Rethink needed to improve better ageing

Calls for action to improve better ageing

Radical action is needed to help the over 50s who are less well-off as they face greater challenges that will result in them dying younger, becoming sicker earlier and falling out of work due to ill-health.

Following publication of its report The State of Ageing in 2019, the Centre for Ageing Better is calling for a rethink from government, businesses and charities so the next generation of older people can experience a good quality of life as they age.

The research found that while people aged 65 can expect to live just half of the remainder of their life without disability, those in less affluent parts of the country will die earlier and be sicker for longer.

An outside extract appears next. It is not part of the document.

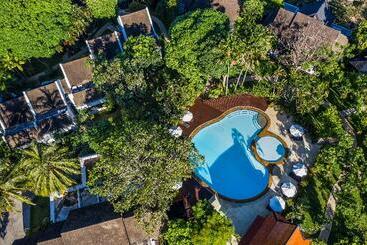 هتل Kamala Beach Estate Resort   Sha Extra Plus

It said ill health is a major cause of people leaving work prematurely and can affect quality of life and access to services like healthcare.

The report found that nearly a quarter of those aged 45-64 are carers but said this was likely to be an underestimate. Citing NHS figures, 5% of this group provide more than 35 hours of care a week and 4% more than 50 hours a week.

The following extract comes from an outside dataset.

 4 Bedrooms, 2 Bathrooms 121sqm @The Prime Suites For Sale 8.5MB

‘This has a huge knock-on effect on these people’s working lives, and for their financial security and wellbeing more generally,’ the 42-page report said. ‘Carers UK has reported that more than 8 in 10 unpaid carers feel lonely or socially isolated as a result of their caring responsibilities, and that this can have a negative impact on mental and physical wellbeing.’

The number of people aged 65 and over in the UK is set to grow by more than 40% in two decades, reaching over 17 million by 2036.

The charitable foundation said government must require all new homes to be accessible and adaptable and commit to improving existing housing. It wants employers to do more to support people to keep working, especially those managing health problems or caring responsibilities.

Dr Anna Dixon, Centre for Ageing Better chief executive, said: ‘We must act now to add life to our years; to make sure that everyone has the opportunity to make the most of a longer life. Without radical action today to help people age well, we are storing up problems for the future and leaving millions at risk of poverty and poor health in later life.’